- **EXERCISE OBJECTIVE**: Among the entries that follow, the required portion opens with the line containing "Dunkelblaue Handyhülle aus" and closes with the line containing "Ancienne ferme en". Give that portion again exactly, and nothing else.

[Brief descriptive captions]

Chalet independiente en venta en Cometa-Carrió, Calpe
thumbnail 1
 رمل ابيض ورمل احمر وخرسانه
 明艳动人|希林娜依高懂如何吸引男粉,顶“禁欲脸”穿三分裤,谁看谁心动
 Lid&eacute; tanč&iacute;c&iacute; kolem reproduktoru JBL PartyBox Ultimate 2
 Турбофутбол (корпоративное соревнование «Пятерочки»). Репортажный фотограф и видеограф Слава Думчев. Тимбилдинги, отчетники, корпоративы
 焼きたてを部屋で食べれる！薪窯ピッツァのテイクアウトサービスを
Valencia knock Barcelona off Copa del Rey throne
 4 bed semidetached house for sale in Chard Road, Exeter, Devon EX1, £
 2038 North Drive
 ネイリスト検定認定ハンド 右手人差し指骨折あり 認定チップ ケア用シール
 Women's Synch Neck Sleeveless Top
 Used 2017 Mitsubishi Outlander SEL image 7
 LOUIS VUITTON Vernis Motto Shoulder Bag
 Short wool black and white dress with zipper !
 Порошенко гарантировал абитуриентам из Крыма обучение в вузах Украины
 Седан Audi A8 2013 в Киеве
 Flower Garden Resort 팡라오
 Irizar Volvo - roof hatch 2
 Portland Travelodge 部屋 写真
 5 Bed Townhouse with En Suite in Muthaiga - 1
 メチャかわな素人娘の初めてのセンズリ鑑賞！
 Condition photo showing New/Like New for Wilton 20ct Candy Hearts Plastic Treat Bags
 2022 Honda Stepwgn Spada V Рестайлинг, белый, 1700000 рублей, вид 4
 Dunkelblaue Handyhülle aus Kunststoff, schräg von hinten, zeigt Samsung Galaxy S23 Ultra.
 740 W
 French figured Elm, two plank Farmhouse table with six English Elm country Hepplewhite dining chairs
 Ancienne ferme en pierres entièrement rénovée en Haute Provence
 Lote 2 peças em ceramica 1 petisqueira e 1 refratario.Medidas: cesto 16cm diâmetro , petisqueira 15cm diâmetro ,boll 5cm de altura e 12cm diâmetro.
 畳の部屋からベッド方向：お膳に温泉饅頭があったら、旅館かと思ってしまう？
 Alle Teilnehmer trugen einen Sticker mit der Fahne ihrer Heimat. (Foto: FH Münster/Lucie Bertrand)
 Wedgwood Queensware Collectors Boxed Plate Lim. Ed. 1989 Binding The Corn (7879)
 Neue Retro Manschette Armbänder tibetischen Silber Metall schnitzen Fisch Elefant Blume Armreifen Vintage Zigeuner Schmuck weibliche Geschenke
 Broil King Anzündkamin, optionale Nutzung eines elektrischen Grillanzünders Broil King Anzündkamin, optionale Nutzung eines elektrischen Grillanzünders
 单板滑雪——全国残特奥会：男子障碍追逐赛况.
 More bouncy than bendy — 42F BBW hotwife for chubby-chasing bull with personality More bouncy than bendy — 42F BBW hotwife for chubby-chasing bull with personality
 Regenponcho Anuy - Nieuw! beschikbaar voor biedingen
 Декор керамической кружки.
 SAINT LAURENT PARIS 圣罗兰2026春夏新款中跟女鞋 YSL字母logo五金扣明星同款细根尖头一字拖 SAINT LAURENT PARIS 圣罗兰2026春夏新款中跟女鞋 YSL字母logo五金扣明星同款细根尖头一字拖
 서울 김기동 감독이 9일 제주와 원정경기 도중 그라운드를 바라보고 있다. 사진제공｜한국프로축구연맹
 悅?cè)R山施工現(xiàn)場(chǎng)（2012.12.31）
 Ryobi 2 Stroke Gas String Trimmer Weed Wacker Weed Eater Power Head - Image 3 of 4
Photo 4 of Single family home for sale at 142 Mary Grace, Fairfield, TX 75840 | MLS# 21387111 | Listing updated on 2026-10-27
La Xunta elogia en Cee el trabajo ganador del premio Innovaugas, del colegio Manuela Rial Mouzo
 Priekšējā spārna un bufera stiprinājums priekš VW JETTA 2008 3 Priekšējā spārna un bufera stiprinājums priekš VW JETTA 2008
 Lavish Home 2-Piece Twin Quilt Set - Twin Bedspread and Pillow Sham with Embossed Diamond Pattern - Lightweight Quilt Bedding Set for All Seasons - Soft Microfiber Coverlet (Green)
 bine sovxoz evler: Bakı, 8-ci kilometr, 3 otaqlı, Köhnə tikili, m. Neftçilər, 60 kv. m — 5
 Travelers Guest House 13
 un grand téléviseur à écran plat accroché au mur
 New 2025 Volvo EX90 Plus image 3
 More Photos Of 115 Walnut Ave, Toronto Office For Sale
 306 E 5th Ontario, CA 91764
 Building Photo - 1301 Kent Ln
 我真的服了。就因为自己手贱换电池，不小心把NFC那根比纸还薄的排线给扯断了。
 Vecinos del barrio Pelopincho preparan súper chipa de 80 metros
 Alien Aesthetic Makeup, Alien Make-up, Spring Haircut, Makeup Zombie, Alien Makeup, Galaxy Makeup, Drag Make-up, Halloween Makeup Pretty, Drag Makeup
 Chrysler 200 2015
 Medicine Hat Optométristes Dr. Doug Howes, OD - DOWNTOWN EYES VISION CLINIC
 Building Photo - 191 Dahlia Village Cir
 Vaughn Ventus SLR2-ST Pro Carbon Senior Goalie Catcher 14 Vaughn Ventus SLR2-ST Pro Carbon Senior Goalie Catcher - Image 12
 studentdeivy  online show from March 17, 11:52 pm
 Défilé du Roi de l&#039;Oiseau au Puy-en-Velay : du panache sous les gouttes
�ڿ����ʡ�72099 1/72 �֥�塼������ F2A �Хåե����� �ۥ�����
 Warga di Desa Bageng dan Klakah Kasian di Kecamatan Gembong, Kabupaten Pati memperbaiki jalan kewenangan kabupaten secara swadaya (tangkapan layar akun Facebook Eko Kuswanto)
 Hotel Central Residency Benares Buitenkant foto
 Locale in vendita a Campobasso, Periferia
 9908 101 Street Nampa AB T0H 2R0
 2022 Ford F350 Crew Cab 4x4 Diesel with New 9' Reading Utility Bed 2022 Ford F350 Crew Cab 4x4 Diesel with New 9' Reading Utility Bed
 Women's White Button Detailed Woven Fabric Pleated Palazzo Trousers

- **RESPONSE TO THIS TASK**:
 Dunkelblaue Handyhülle aus Kunststoff, schräg von hinten, zeigt Samsung Galaxy S23 Ultra.
 740 W
 French figured Elm, two plank Farmhouse table with six English Elm country Hepplewhite dining chairs
 Ancienne ferme en pierres entièrement rénovée en Haute Provence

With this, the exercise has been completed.